### Records for processing ###

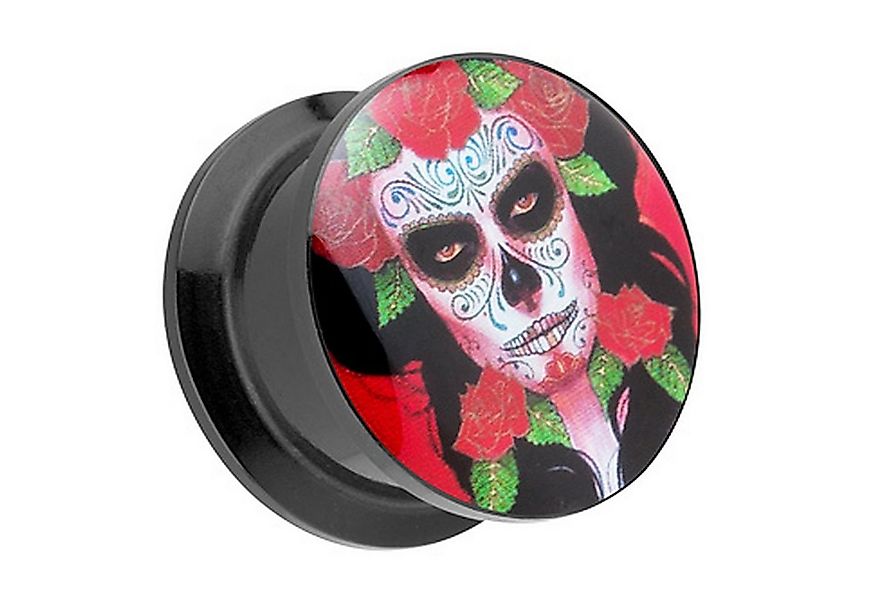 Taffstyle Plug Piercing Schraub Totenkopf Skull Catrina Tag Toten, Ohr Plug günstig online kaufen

###
### Records for processing ###

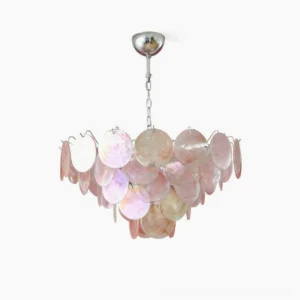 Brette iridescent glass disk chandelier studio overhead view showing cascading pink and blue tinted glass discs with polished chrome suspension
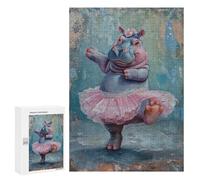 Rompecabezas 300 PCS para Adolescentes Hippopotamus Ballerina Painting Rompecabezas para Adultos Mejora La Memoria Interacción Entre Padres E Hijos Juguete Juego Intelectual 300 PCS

###
### Records for processing ###

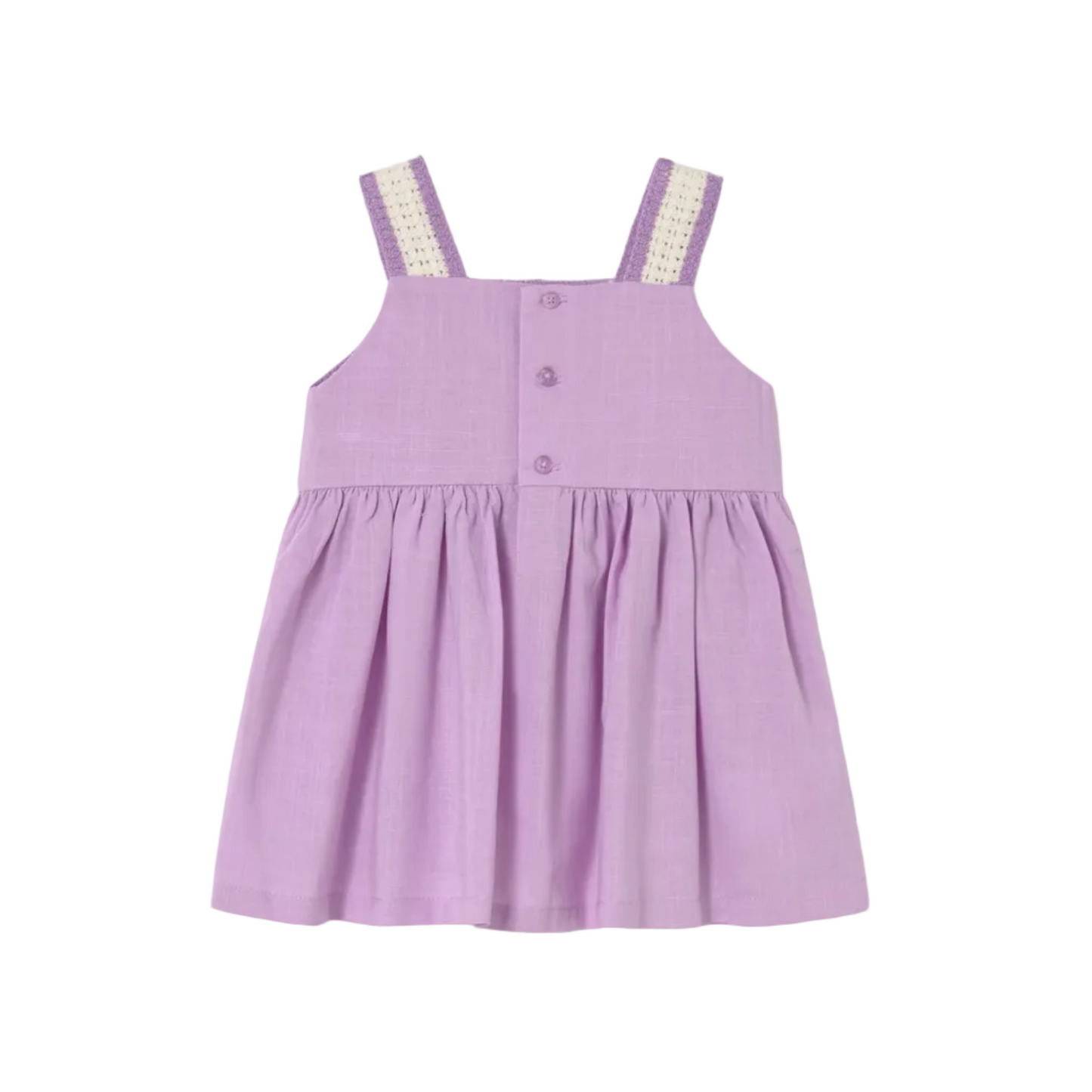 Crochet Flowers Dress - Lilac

###

▶ _What you need to do_:
Copy the lines above exactly, starting with the line that contains "Brette iridescent glass" and ending with the line that contains "Rompecabezas 300 PCS", and leave out any pictures.

▶ _Reply_:
 Brette iridescent glass disk chandelier studio overhead view showing cascading pink and blue tinted glass discs with polished chrome suspension
 Rompecabezas 300 PCS para Adolescentes Hippopotamus Ballerina Painting Rompecabezas para Adultos Mejora La Memoria Interacción Entre Padres E Hijos Juguete Juego Intelectual 300 PCS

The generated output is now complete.